[Extracted records — start]

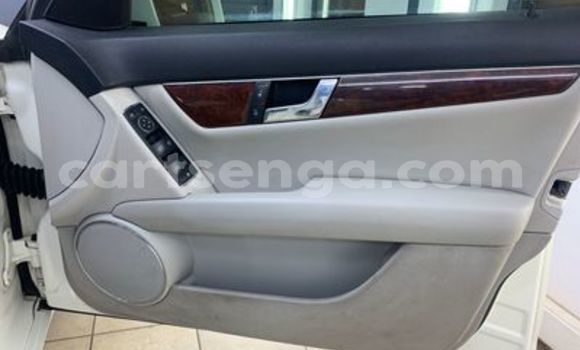 Nunua Ilio tumika Mercedes‒Benz C–Class White Gari ndani ya Ezulwini nchini Hhohho Nunua Ilio tumika Mercedes‒Benz C–Class White Gari ndani ya Ezulwini nchini Hhohho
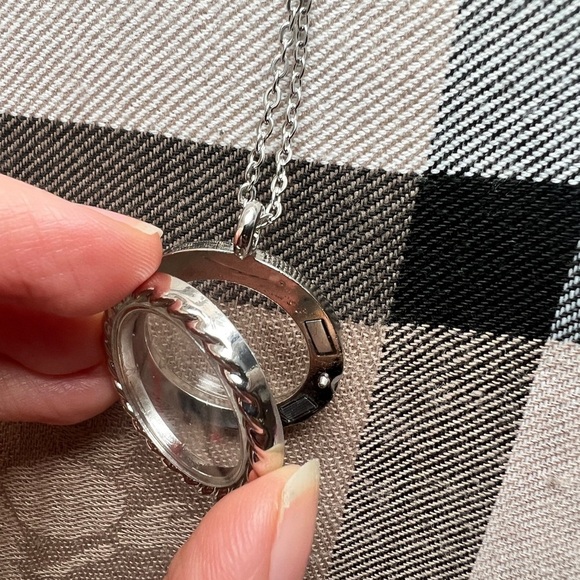 Silver Chain Necklace with Circular Pendant Jewelry Elegant Victorian Inspired - Picture 6 of 10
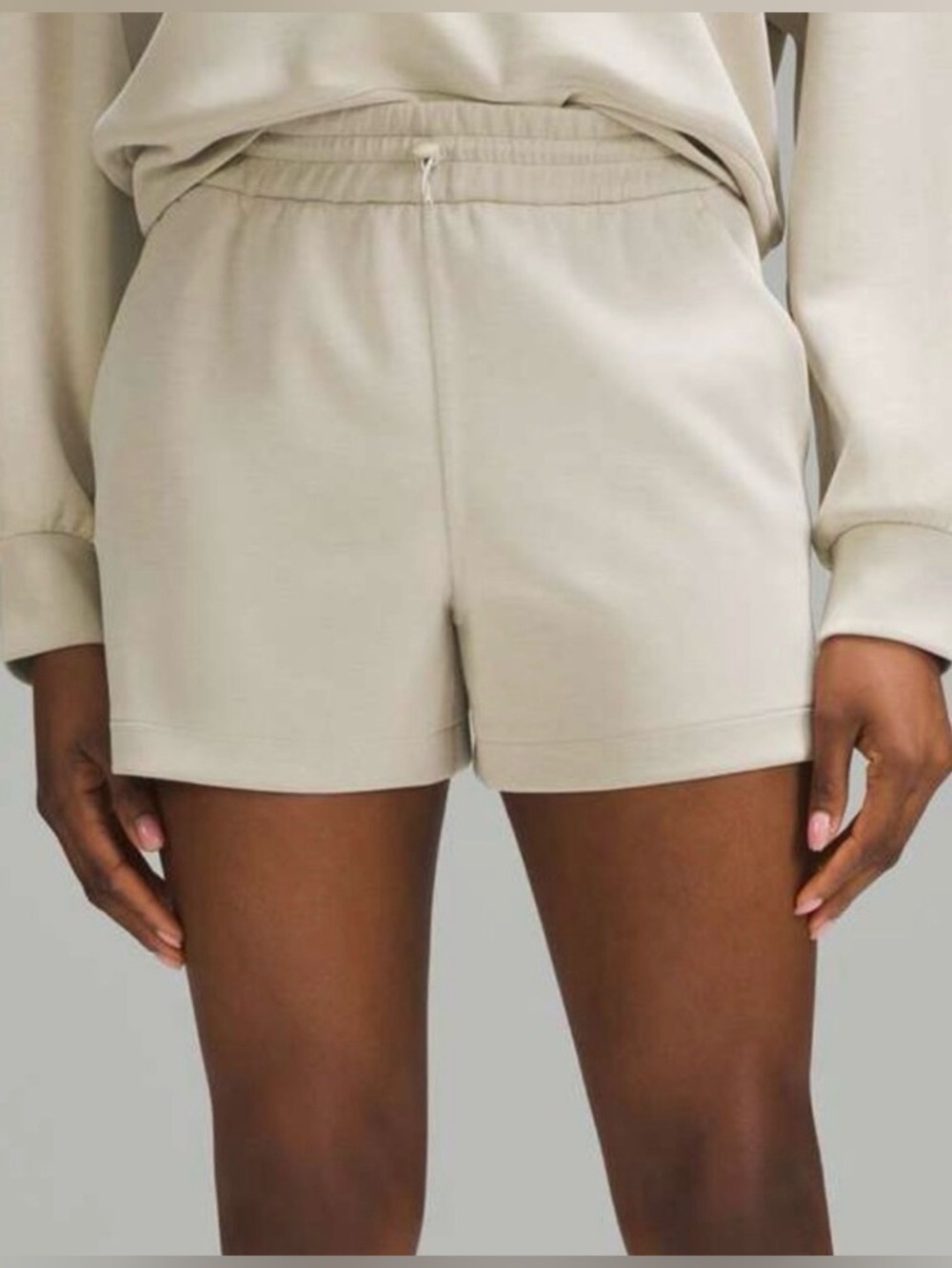 LULULEMON SOFTSTREME HIGH WAISTED SHORT IN MOJAVE TAN. $78 RETAIL. SIZE 2.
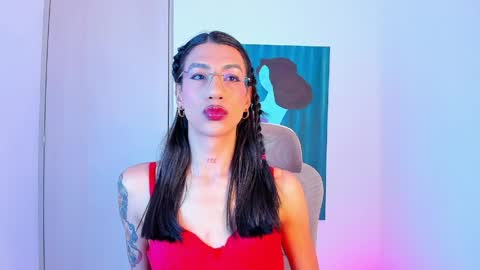Snapshot of sofiia_grey_ chatting on April 1, 11:55 am Sofi online show from April 1, 11:55 am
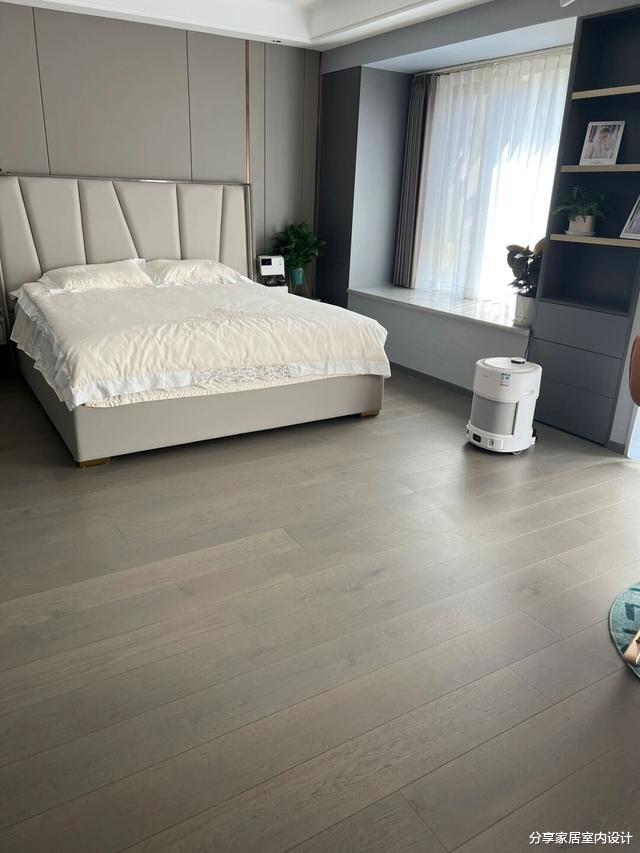 她家新房干净又漂亮，电视墙大气又实用，无主灯设计让人喜欢！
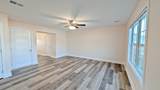 1061 Dublin Dr - Photo 10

[Extracted records — finish]

Lines starting at the one with "Silver Chain Necklace" and ending at the last line of the entries above must be restated word for word, with pictures omitted.

 Silver Chain Necklace with Circular Pendant Jewelry Elegant Victorian Inspired - Picture 6 of 10
 LULULEMON SOFTSTREME HIGH WAISTED SHORT IN MOJAVE TAN. $78 RETAIL. SIZE 2.
Snapshot of sofiia_grey_ chatting on April 1, 11:55 am Sofi online show from April 1, 11:55 am
 她家新房干净又漂亮，电视墙大气又实用，无主灯设计让人喜欢！
 1061 Dublin Dr - Photo 10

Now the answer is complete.